Alexy, enfim, propõe a compatibilização das idéias de ordem fundamental e ordem marco, distinguindo duas idéias de ordem fundamental: quantitativa e qualitativa. Na concepção de ordem fundamental quantitativa, a constituição não estabelece posições discricionárias, ou seja, para tudo prevê um mandado ou uma proibição. Já na concepção qualitativa de ordem fundamental, a constituição procura resolver os problemas fundamentais da sociedade que podem – e devem – ser solucionadas pela constituição, mas deixa muitas outras perguntas a serem respondidas no debate político. Esta última concepção, segundo Alexy, é compatível com a idéia de ordem marco.

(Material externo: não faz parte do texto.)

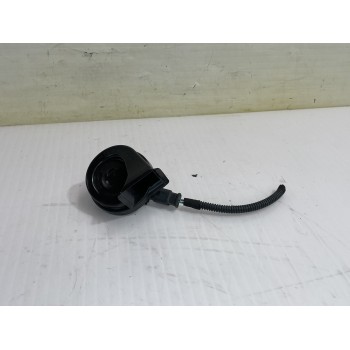 Recambio de claxon para jeep avenger altitude referencia OEM IAM 9827213580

Essa também é a leitura do último Canotilho (Direito constitucional..., 2001), que busca harmonizar a idéia da constituição como fundamento do ordenamento jurídico (Kägi) com uma leitura mais pluralística, caracterizando a constituição como ordem-quadro: “para ser uma ordem aberta a constituição terá de ser também uma ordem-quadro, uma ordem fundamental e não um código constitucional exaustivamente regulador”. Chegamos a semelhante conclusão ao analisar a revisão judicial das escolhas orçamentárias.
Resta então questionar como o nosso Supremo Tribunal Federal vê a constituição: uma ordem fundamental ou uma ordem marco? Esta pergunta merece certamente um post específico em nosso blog, mas é possível adiantar que a idéia de ordem fundamental parece avançar no STF, porém, paradoxalmente, não necessariamente para a extensão dos direitos fundamentais. Na década de 1990, assistimos em várias ocasiões ao STF reconhecer a precedência do legislador no desenvolvimento de certas normas constitucionais. Atualmente, o STF parece estar encontrando todas as respostas aos problemas da política no próprio texto constitucional, como no já famoso caso da fidelidade partidária.